GIVEN INFORMATION -
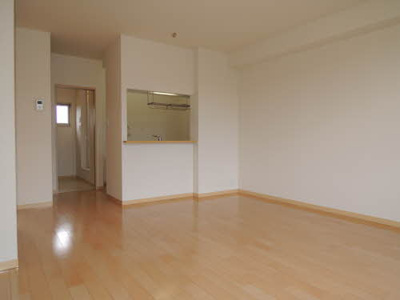 【居間・リビング】 | サンビレッジ松原 ** | 【サンビレッジ松原】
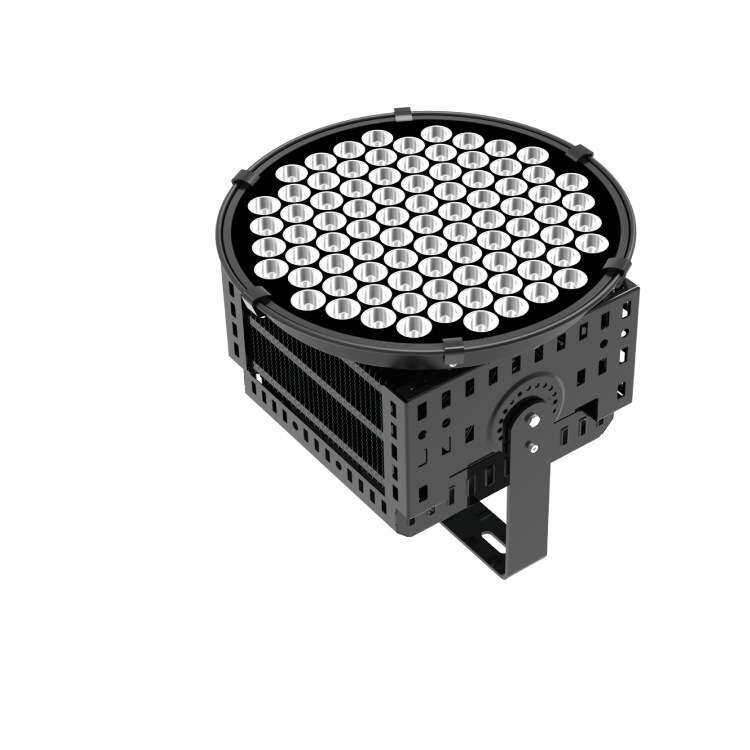 LED投射灯聚光灯150W200W300W 码头港口探照灯建筑工地照明灯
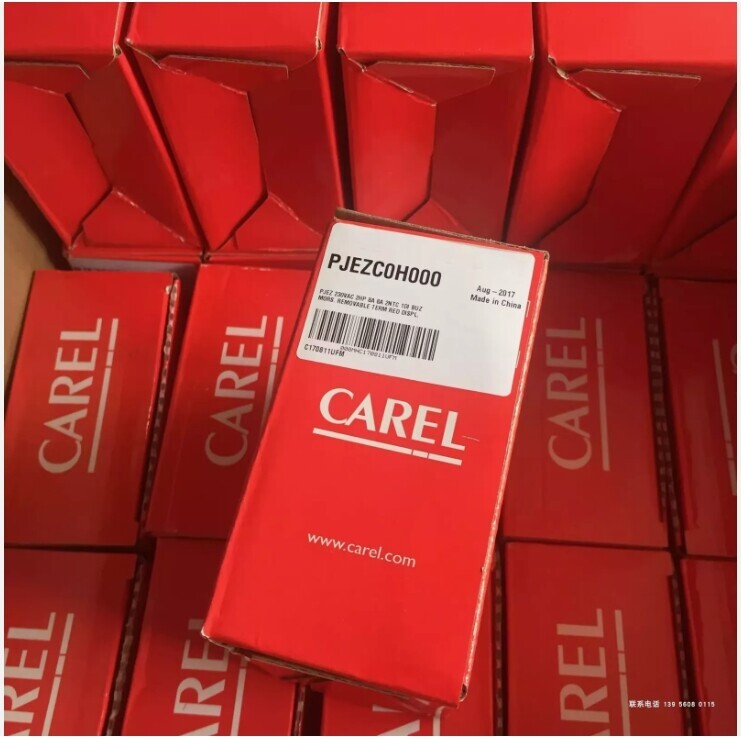 1pcs CAREL Easy Series Freezing and Defrosting Temperature Controller PJEZC0H000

WHAT TO WORK ON - Your copy of the data above should match it exactly, apart from the images.

EXERCISE OUTPUT -
 【居間・リビング】 | サンビレッジ松原 ** | 【サンビレッジ松原】
 LED投射灯聚光灯150W200W300W 码头港口探照灯建筑工地照明灯
 1pcs CAREL Easy Series Freezing and Defrosting Temperature Controller PJEZC0H000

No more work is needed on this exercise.